#### Problem
Your answer must be the full set of entries, reproduced exactly.

Stored records:
::::::::

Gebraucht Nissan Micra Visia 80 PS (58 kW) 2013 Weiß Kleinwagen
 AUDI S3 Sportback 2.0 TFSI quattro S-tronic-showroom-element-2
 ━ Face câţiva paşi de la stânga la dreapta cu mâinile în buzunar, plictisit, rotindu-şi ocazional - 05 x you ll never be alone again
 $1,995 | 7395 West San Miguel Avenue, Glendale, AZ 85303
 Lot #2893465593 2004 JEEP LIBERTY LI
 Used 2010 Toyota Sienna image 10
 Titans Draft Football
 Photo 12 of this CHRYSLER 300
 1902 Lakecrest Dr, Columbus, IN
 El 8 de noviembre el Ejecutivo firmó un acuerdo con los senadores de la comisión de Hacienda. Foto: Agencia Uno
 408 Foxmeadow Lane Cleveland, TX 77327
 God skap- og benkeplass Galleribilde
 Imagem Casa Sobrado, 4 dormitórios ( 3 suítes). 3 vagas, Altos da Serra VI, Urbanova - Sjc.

::::::::

#### Answer for this exercise
Gebraucht Nissan Micra Visia 80 PS (58 kW) 2013 Weiß Kleinwagen
 AUDI S3 Sportback 2.0 TFSI quattro S-tronic-showroom-element-2
 ━ Face câţiva paşi de la stânga la dreapta cu mâinile în buzunar, plictisit, rotindu-şi ocazional - 05 x you ll never be alone again
 $1,995 | 7395 West San Miguel Avenue, Glendale, AZ 85303
 Lot #2893465593 2004 JEEP LIBERTY LI
 Used 2010 Toyota Sienna image 10
 Titans Draft Football
 Photo 12 of this CHRYSLER 300
 1902 Lakecrest Dr, Columbus, IN
 El 8 de noviembre el Ejecutivo firmó un acuerdo con los senadores de la comisión de Hacienda. Foto: Agencia Uno
 408 Foxmeadow Lane Cleveland, TX 77327
 God skap- og benkeplass Galleribilde
 Imagem Casa Sobrado, 4 dormitórios ( 3 suítes). 3 vagas, Altos da Serra VI, Urbanova - Sjc.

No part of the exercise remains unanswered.